Extracted records
---

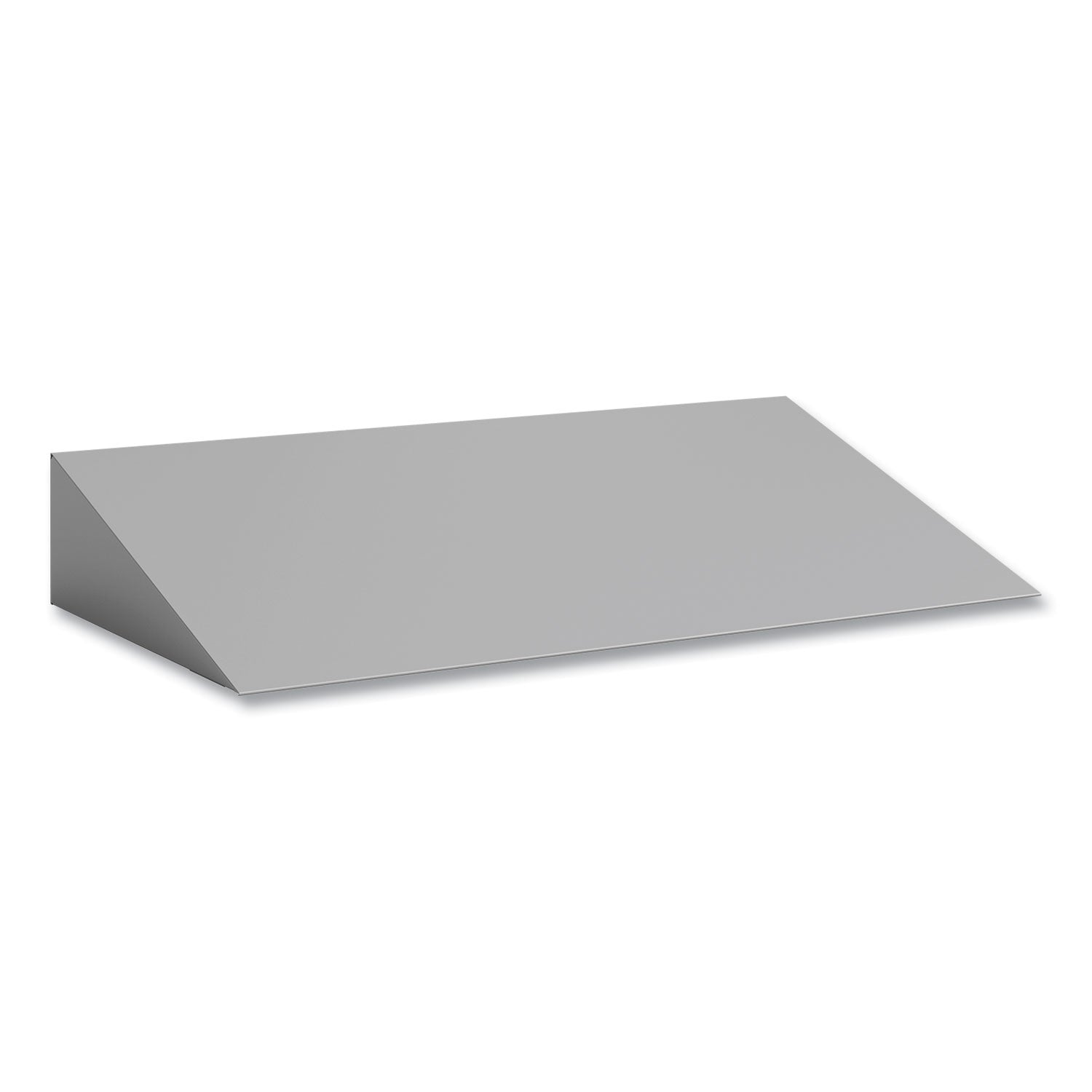 Safco Triple Sloped Metal Locker Hood Addition, 36w x 18d x 6h, Gray (5518GR)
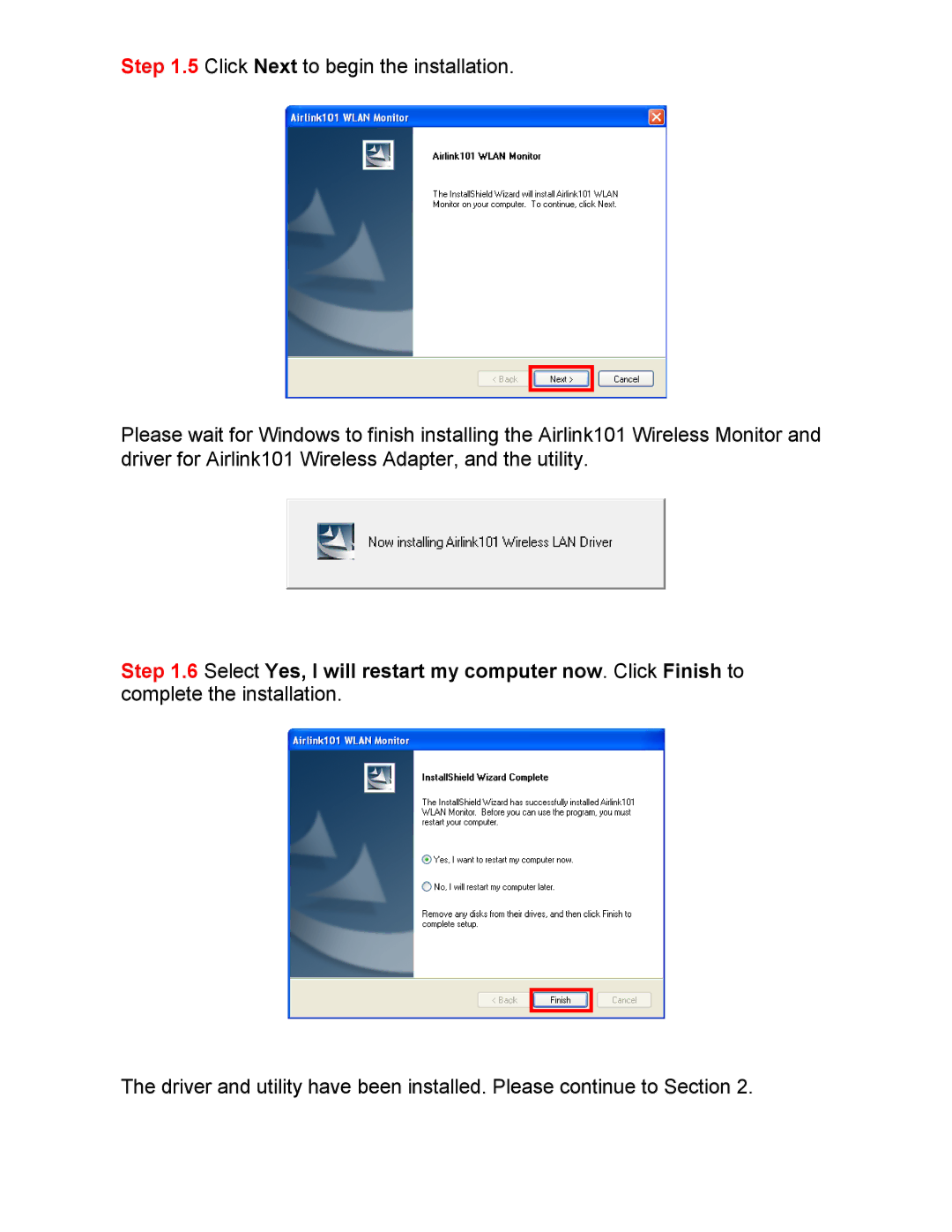 Airlink101 AWLL5099 installation instructions 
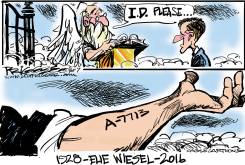 WIESEL -RIP  by Milt Priggee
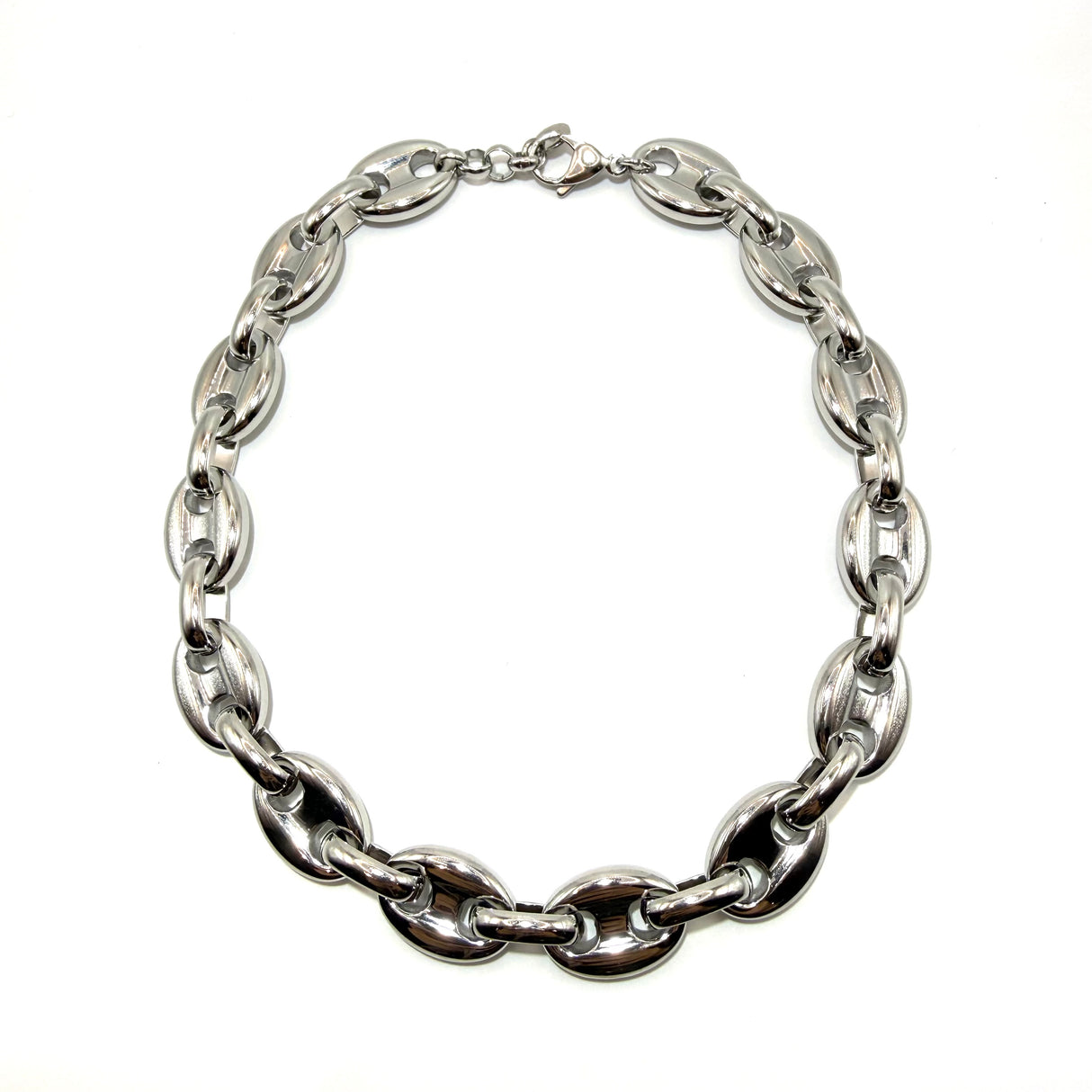 Collana Catena Marinara acciaio Big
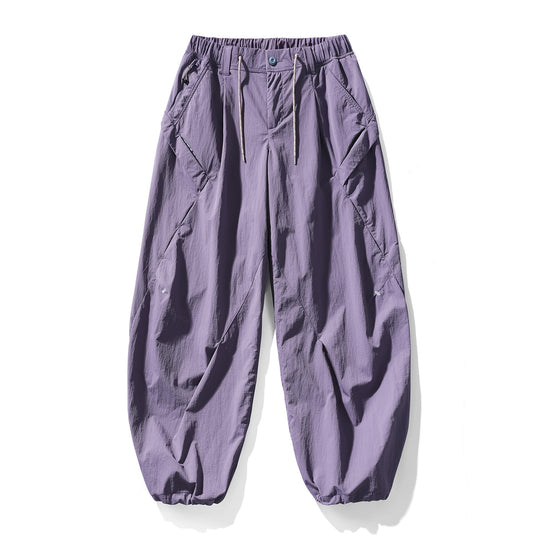 Herren Baggy-Cargohose mit asymmetrischen Eingriffstaschen, Tunnelzugbund und elastischen Knöchelabschlüssen Nord Taschen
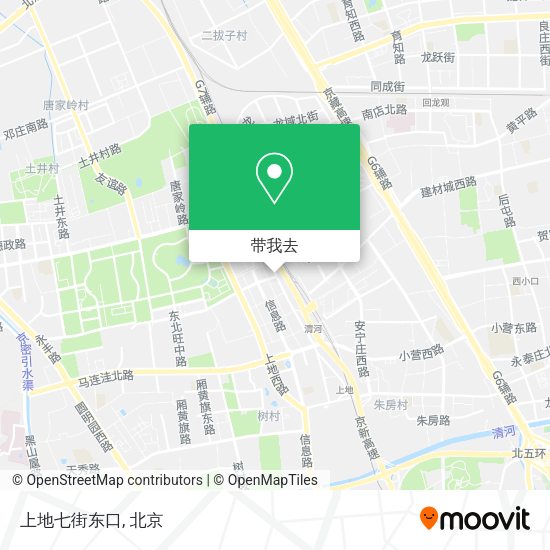 上地七街东口地图
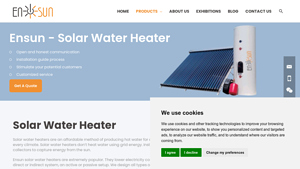 Solar Water Heater Supplier in China- Ensun - Kesunsolar - hot water system supplier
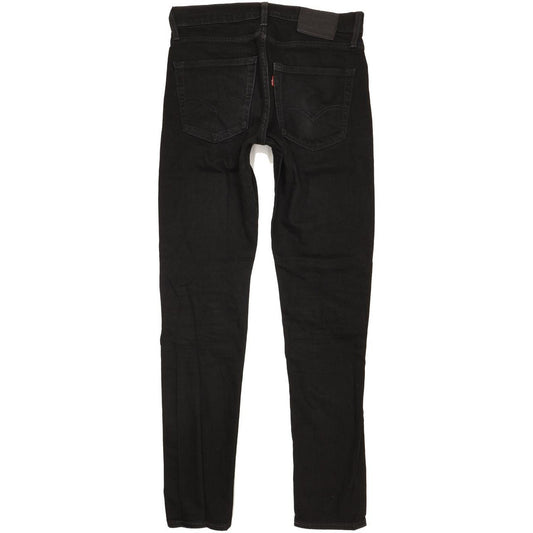 Levi's 512 Men Black Tapered Slim Stretch Jeans W31 L33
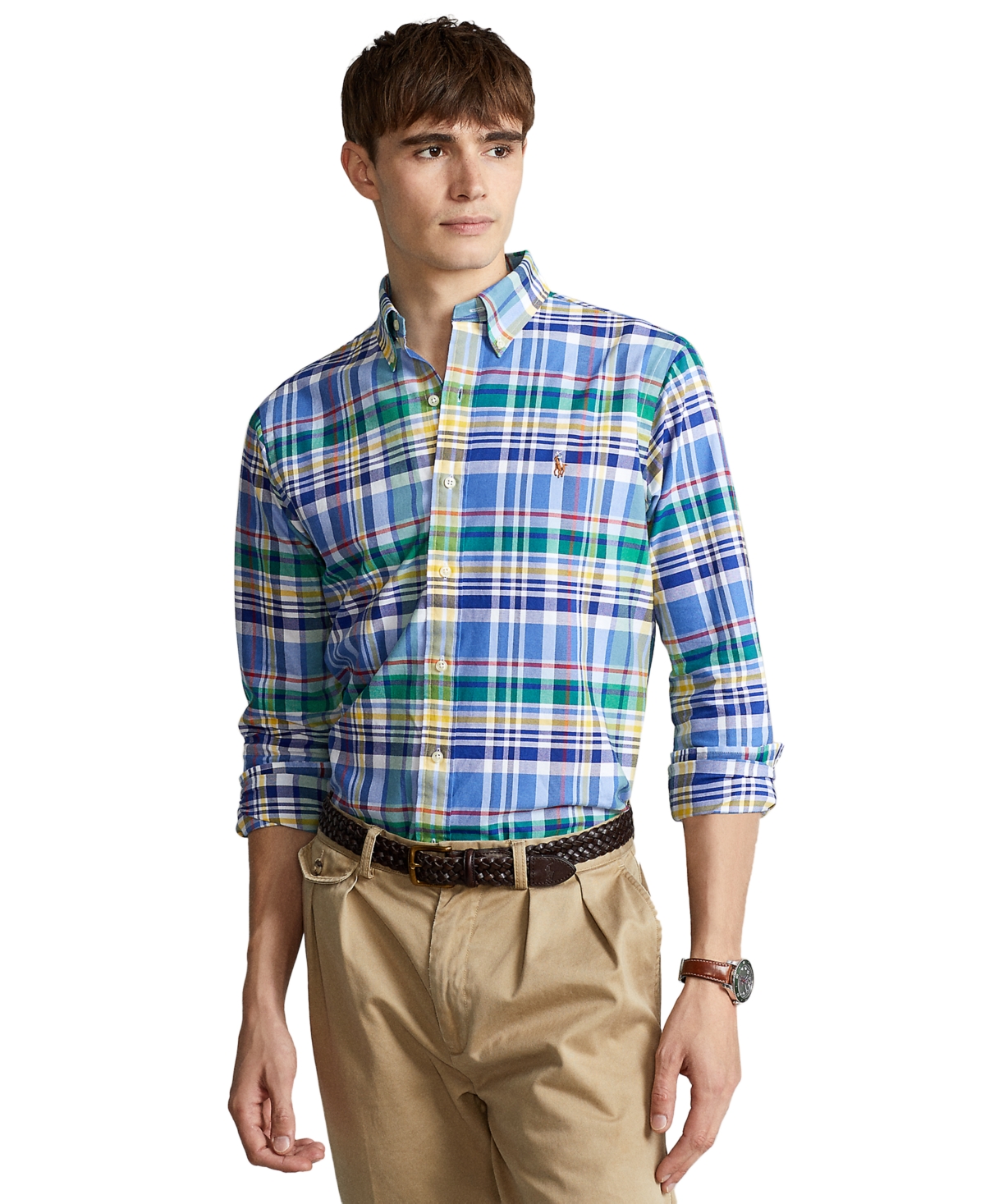 Polo Ralph Lauren Classic Fit Oxford Shirt -Red Multi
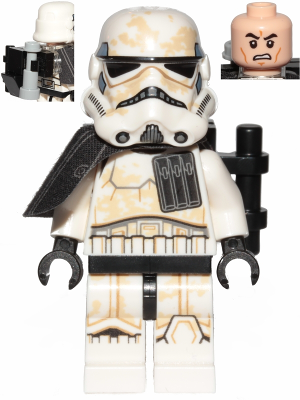 Sandtrooper (Enlisted) - Black Pauldron, Ammo Pouch, Dirt Stains, Survival Backpack – СТАР УОРС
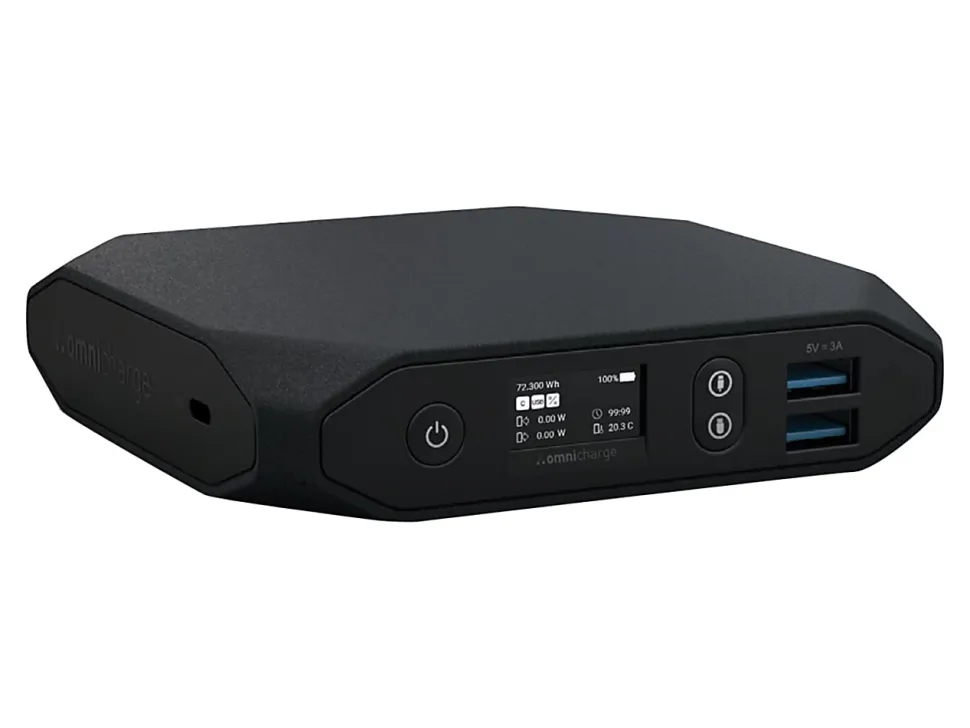 Omnicharge Omni20+ USB-C Power Bank, 20000 mAh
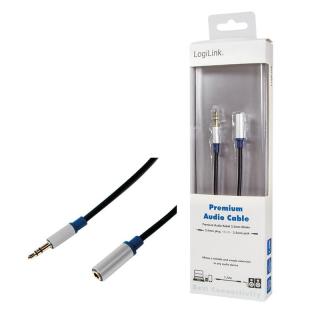 Przedłużacz audio jack 3.5mm, premium 1,5m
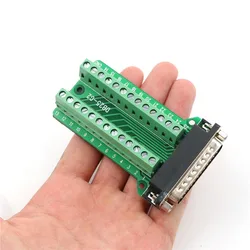 1PC DB25 Male 25Pin Plug Breakout PCB Board 2 Row Terminals Connectors Home Improvement Accessories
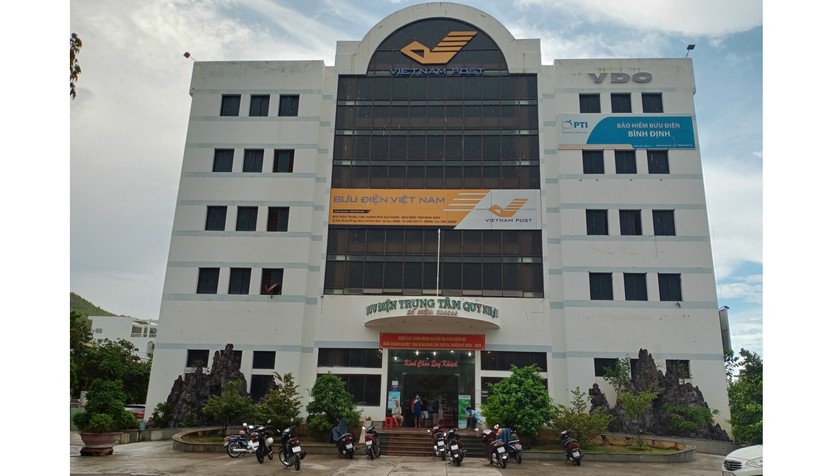 Bưu điện An Dương Vương đang sử dụng khu đất được UBND tỉnh Bình Định cho thuê.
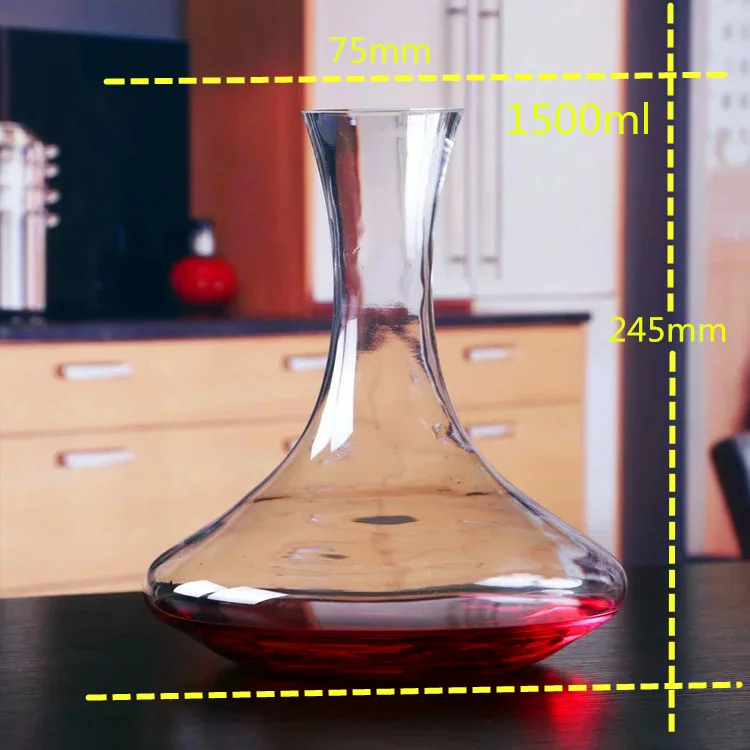 1 шт. 1500 мл Стеклянные Графины для вина уникальный стакан Графин для вина кувшин для воды винный контейнер лево Бар Инструмент косой рот чайник J1100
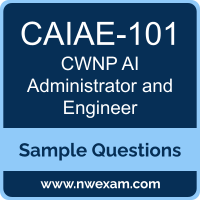 AI Administrator and Engineer Dumps, CAIAE-101 Dumps, CWNP CAIAE PDF, CAIAE-101 PDF, AI Administrator and Engineer VCE, CWNP AI Administrator and Engineer Questions PDF, CWNP Exam VCE, CWNP CAIAE-101 VCE, AI Administrator and Engineer Cheat Sheet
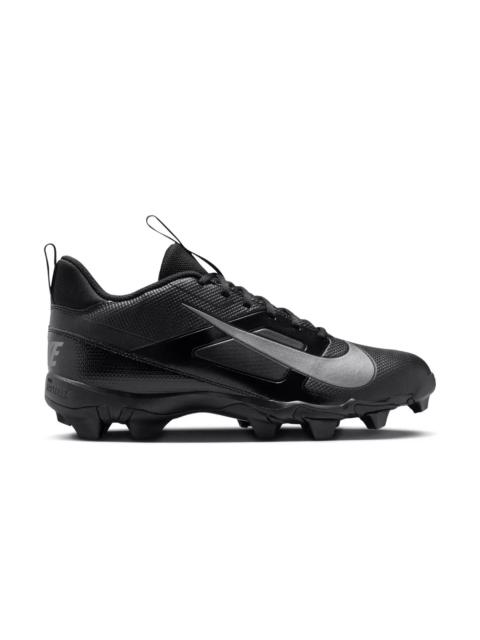 Nike Alpha Menace 4 Shark "Black/Metallic Silver" Men's Football Cleat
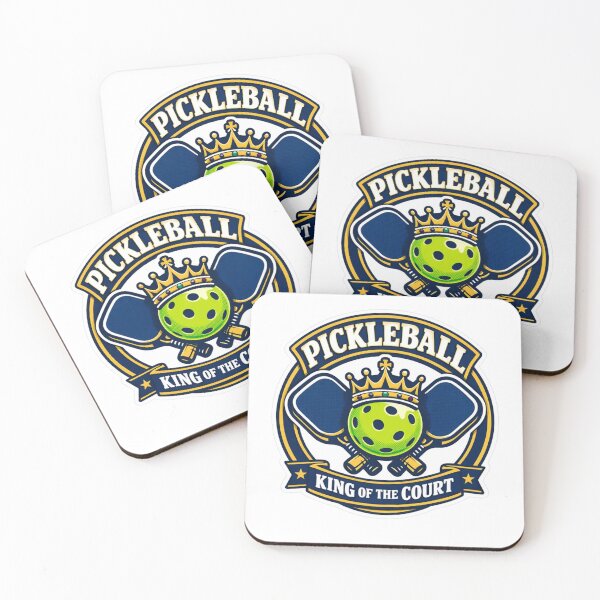 Item preview, Pickleball Royal Badge – King of the Court Sticker designed and sold by Timeless Junction.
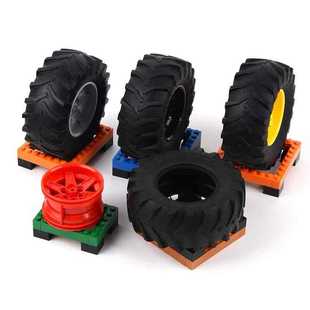 One kilogram 23798 tires compatible with Lego building blocks technology tractor wheel leather 107x44mm factory direct sales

---

Activity:
Please set down only the lines from the one containing "Polo Ralph Lauren" through the end of the entries, exactly as they stand, both ends included and with no pictures.

Result for this task:
 Polo Ralph Lauren Classic Fit Oxford Shirt -Red Multi
 Sandtrooper (Enlisted) - Black Pauldron, Ammo Pouch, Dirt Stains, Survival Backpack – СТАР УОРС
 Omnicharge Omni20+ USB-C Power Bank, 20000 mAh
 Przedłużacz audio jack 3.5mm, premium 1,5m
 1PC DB25 Male 25Pin Plug Breakout PCB Board 2 Row Terminals Connectors Home Improvement Accessories
 Bưu điện An Dương Vương đang sử dụng khu đất được UBND tỉnh Bình Định cho thuê.
 1 шт. 1500 мл Стеклянные Графины для вина уникальный стакан Графин для вина кувшин для воды винный контейнер лево Бар Инструмент косой рот чайник J1100
 AI Administrator and Engineer Dumps, CAIAE-101 Dumps, CWNP CAIAE PDF, CAIAE-101 PDF, AI Administrator and Engineer VCE, CWNP AI Administrator and Engineer Questions PDF, CWNP Exam VCE, CWNP CAIAE-101 VCE, AI Administrator and Engineer Cheat Sheet
 Nike Alpha Menace 4 Shark "Black/Metallic Silver" Men's Football Cleat
 Item preview, Pickleball Royal Badge – King of the Court Sticker designed and sold by Timeless Junction.
 One kilogram 23798 tires compatible with Lego building blocks technology tractor wheel leather 107x44mm factory direct sales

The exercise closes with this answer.